_Task objective_
Starting at the first line of the entries, extract each line up to and including the one that contains "And that's how", but leave out the pictures.

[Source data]
___

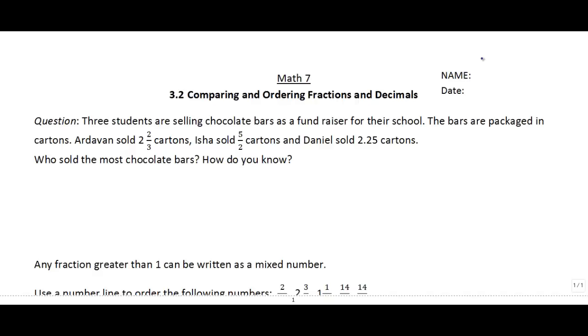Alright class, welcome back. This section is 3.2 and today we're going to be talking about comparing and ordering fractions and decimals.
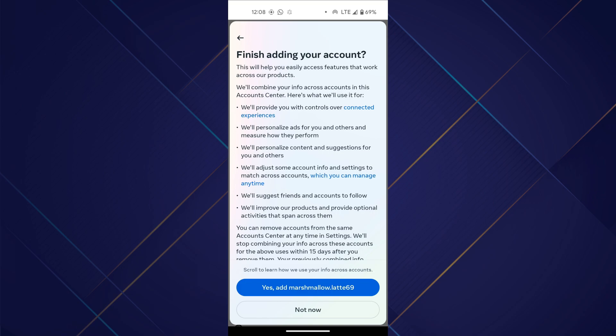And that's how you can connect Instagram to Facebook. Hope you like the video. Thanks.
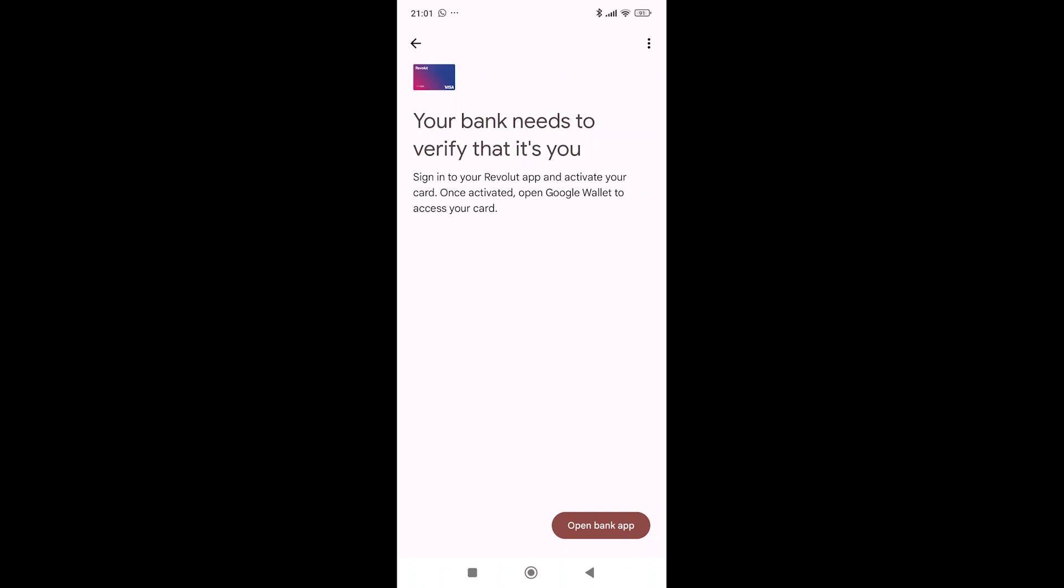And after you do that, your card should be connected and you can pay with it as you would pay with any kind of card. So that's it. Thank you very much.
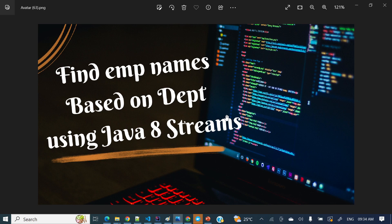For example, I have a list of employees and I want to find all the names from the HR department, or I want to find all the employee names from the IT department. This is a very popular interview question. Let's see how we can do that using Java Streams.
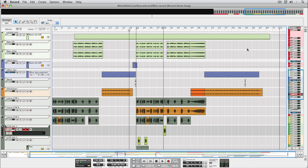In this tutorial, we're going to use an effect patch from the Reason Factory sound bank. You probably know this by now, but if you have both Reason and Record on your computer, all Reason devices and sounds become available within Record.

___

_Exercise answer_
Alright class, welcome back. This section is 3.2 and today we're going to be talking about comparing and ordering fractions and decimals.
And that's how you can connect Instagram to Facebook. Hope you like the video. Thanks.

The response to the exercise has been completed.